BigID Crawler¶
The BigID Crawler package crawls BigID for a specified set of data sources and imports classification and policy-related metadata into assets in Atlan in the form of tags, custom metadata and announcements.
Tags associated with assets in BigID will be added as sourceTags to the associated asset in Atlan.
Attributes associated with assets in BigID will be concatenated into a comma seperated list and added to the property of the specified custom metadata set. This custom metadata property will then be added to the associated asset in Atlan.
If policy violations are found on an asset in BigID, an Issue announcement will be created on the associated asset in Atlan. The title of the announcement will be BigID Policy Violations(s) Detected. The body of the announcement will contain a list of the policy violations.
Configuration¶
Credential¶
Workflow Name¶
Enter a unique name to help recognize and manage the custom workflow.
Host FQDN¶
The fully qualified domain name of the BigID host to be crawled.
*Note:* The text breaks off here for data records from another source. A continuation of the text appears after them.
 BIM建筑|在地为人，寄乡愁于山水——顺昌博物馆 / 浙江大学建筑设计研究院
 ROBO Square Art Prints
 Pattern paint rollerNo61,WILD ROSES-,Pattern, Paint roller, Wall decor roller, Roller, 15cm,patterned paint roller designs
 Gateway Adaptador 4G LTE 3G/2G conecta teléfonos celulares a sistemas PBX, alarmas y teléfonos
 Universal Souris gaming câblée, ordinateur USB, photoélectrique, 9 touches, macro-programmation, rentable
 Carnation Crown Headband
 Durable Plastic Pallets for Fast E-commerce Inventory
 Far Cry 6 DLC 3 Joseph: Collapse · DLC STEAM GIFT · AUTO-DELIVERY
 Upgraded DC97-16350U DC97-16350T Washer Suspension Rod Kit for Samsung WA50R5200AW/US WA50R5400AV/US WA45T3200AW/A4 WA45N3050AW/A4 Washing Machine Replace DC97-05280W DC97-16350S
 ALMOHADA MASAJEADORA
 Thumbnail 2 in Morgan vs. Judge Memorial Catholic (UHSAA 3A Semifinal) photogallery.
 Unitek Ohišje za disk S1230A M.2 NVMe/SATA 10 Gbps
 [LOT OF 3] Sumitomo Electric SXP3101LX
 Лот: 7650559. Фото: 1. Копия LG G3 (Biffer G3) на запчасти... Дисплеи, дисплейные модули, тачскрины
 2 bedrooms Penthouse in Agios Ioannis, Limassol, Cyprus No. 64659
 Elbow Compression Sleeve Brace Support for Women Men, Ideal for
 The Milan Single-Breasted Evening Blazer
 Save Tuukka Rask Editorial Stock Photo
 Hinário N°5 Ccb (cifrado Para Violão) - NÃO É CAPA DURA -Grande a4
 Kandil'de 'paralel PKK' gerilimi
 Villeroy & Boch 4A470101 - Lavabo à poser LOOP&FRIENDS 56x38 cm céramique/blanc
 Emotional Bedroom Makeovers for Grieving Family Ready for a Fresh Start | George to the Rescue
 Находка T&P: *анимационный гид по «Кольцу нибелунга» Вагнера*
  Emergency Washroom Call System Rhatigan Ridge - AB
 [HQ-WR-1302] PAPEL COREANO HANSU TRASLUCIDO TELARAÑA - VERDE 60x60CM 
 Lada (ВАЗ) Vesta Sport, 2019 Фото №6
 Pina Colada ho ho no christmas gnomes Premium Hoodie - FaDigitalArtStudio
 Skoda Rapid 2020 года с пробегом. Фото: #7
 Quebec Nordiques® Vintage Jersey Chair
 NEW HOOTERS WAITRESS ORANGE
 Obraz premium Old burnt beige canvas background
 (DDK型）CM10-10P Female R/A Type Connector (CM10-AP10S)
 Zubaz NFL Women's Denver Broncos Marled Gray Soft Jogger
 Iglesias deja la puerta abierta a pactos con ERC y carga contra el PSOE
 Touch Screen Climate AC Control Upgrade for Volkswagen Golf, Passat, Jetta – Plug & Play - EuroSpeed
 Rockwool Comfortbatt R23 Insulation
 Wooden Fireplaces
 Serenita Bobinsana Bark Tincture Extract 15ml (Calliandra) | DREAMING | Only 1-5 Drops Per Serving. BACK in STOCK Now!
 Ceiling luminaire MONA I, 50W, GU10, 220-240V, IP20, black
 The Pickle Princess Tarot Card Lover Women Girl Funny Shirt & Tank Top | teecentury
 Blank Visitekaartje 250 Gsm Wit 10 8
This field is required.
Personal Access Token Value¶
A personal access token that can be used to access the specified BigID host. This field is required. (see BigID Token creation for information on creating a personal access token)
SSL Certificate¶
Enter the SSL certificate if BigID uses one.
Connection¶
Connection Name¶
The name of the connection that will be associated with source tags that will be created. This field is required.
Connection Admins¶
The users that will be administrators of the connection. This field is required.
Mapping¶
Here mappings between an Atlan connection and one or more BigID data sources can be specified. Up to three mappings can be specified. Each Atlan connection or BigID data source should be only used once.
Atlan Connection¶
This field lists the available Atlan connections. Select the one that contains assets associated with the BigID datasources. This field is required.
BigID Datasources¶
This will provide a drop-down list of the available datasources on the BigID host specified earlier. At least one datasource must be selected. This field is required.
Configuration¶
Attribute Custom Metadata¶
Enter the name of the custom metadata set that will be used to store a list of BigID attributes. The custom metadata set must already exist in Atlan. This field is required.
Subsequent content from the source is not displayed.